Objectives: This study compared demographic characteristics and serum biochemical parameters across stages 1–3 in patients with CKD to identify stage‑related differences associated with disease progression.
Patients and Methods: This cross‑sectional study enrolled 75 patients with early CKD (stage 1: n=24, stage 2: n=25, stage 3: n=26) attending specialist clinics at Al‑Fayhaa teaching hospital, Basra, Iraq (Feb–May 2025). Demographic data (age, sex) and fasting venous blood samples were collected for routine renal tests (creatinine, urea, estimated glomerular filtration rate [eGFR]), uric acid, total protein, albumin, total cholesterol, electrolytes (sodium [Na], potassium [K], chloride [Cl], magnesium [Mg], phosphate), and biomarkers such as neutrophil gelatinase-associated lipocalin (NGAL) and Cathepsin D. Group comparisons across CKD stages plus correlation analyses were performed to assess associations with disease progression.

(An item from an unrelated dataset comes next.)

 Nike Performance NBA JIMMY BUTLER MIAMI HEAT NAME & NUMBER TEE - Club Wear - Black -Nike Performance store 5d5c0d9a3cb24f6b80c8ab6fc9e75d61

Results: The results indicated that CKD progression was associated with male gender and older age, across with changes in serum electrolytes, kidney function tests, and biochemical parameters, including increasing creatinine, urea, uric acid, sodium, K, cholesterol, NGAL, and cathepsin D. The CKD progression also decreased eGFR, Mg, and total protein (P < 0.05), with no significant impact on albumin, phosphate, and Cl (P > 0.05).
Conclusion: CKD progression is associated with male gender, older age, and biochemical changes, including increased renal markers, lipids, sodium, K, NGAL, and cathepsin D, as well as decreased eGFR, Mg, and total protein. Albumin, phosphate, and Cl remained stable, demonstrating the complexity of CKD and the potential of new biomarkers.